A crucial moment came when Fauci spearheaded the President’s Emergency Plan for AIDS Relief (PEPFAR), which was announced by President George W. Bush in 2003. PEPFAR has since saved more than 20 million lives throughout the developing world. In recent years, U.S. presents have looked for ways to end the HIV/AIDS epidemic using new tools like PrEP (pre-exposure prophylaxis), as well as an emphasis on implementing equitably distributed interventions for treatment and prevention. “Ending HIV/AIDS depends on following the science,” Fauci concluded.
Columbia Mailman Students Visit Anthony Fauci’s Home
Screened prior to the medal presentation, a special video documented a recent encounter between Columbia Mailman students Antony Nguyen and Jordan Williams as they traveled by train to the home of Anthony Fauci to interview the public health leader. The student pair queried the Calderone Prize winner about his proudest moment (PEPFAR), his concerns for the future (another pandemic), and why he is optimistic (“because there are a lot of bright young people interested in public health.”) Of his legacy, he said he wants people to remember that “I gave it everything I had.”
Ashwin Vasan, Commissioner of the New York City Department of Health and Mental Hygiene and member of the Columbia Mailman School faculty and Board of Advisors, presented the Drs.

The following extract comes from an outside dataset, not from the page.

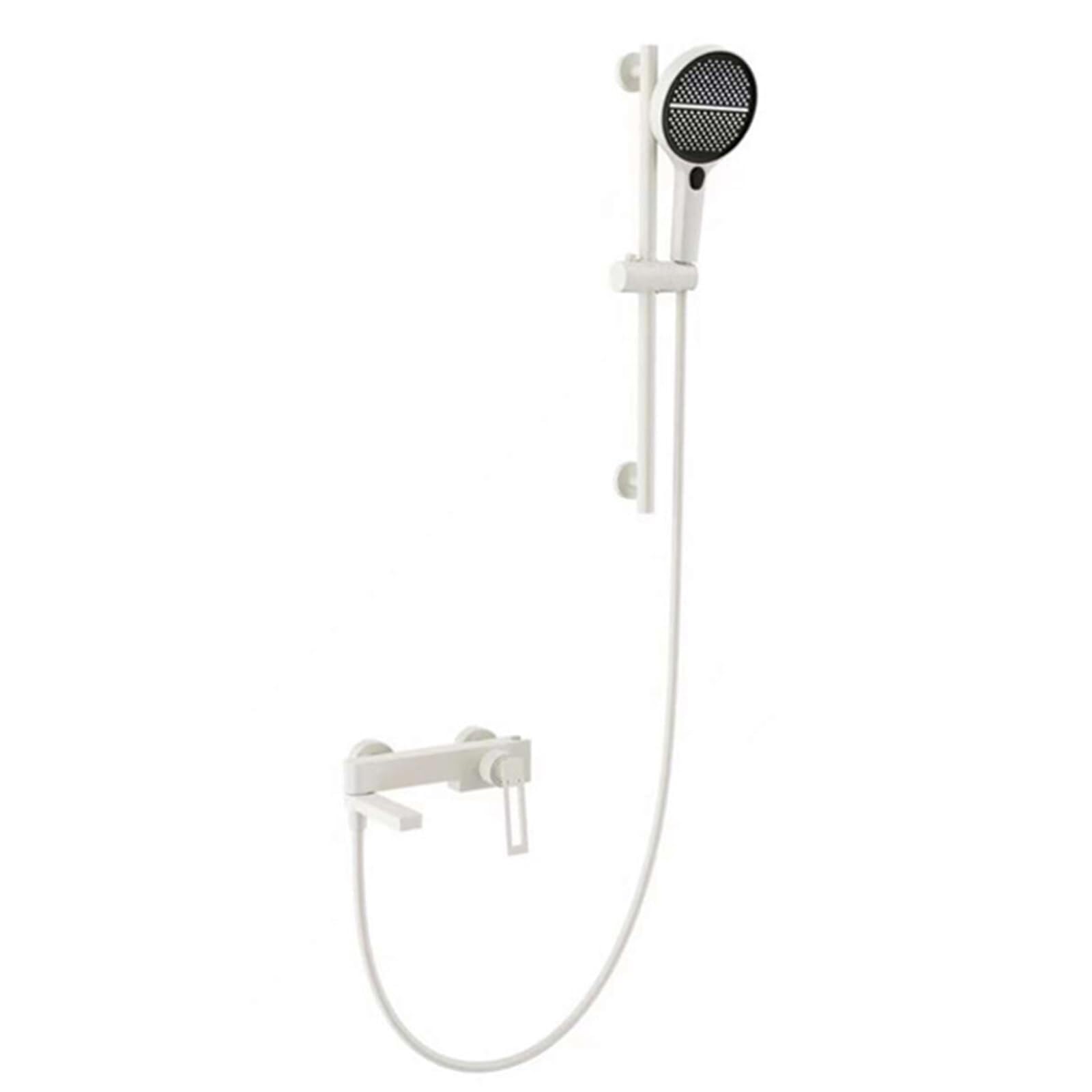 Mitigeur de bain avec douche pivotant à 360° LWX pour ajuster le jet d'eau au millimètre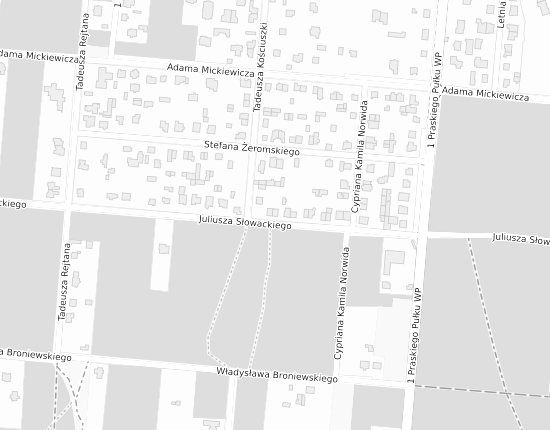 Mapa z adresem organizacji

Frank and Mary Calderone City Health Award to Nido de Esperanza, a nonprofit organization that since its founding in 2016 has provided culturally sensitive infant care services to 160 families in Washington Heights and beyond.
In remarks, Francesca Calderone-Steichen said Nido de Esperanza had special meaning for her since her mother, Mary Steichen Calderone, MS ’42, had a lifelong interest in the health of mothers and babies. In the early 1930s, the elder Calderone worked with her father, the legendary photographer Edward Steichen to create a photo picture book for early childhood called The First Picture Book: Everyday Things for Babies (Francesca Calderone-Steichen presented an inscribed copy of the book to Gisselle Pardo, the organization’s co-executive director, who also accepted the City Health Award).
Francesca Calderone-Steichen said her mother and father, Frank Calderone, also worked to improve the nutritional health of mothers and babies on the Lower East Side through the Mother’s Health Organization. Later, Mary Steichen Calderone became the first female director of the Planned Parenthood Foundation of the United States and the founder of the Sex Information and Education Council of the United States.
“Today we honor Nido de Esperanza, whose intensive supportive and caring work for young mothers and their babies and work my mother did in the 20s and 30s, work that is successful to family outcomes,” Francesca Calderone-Steichen said.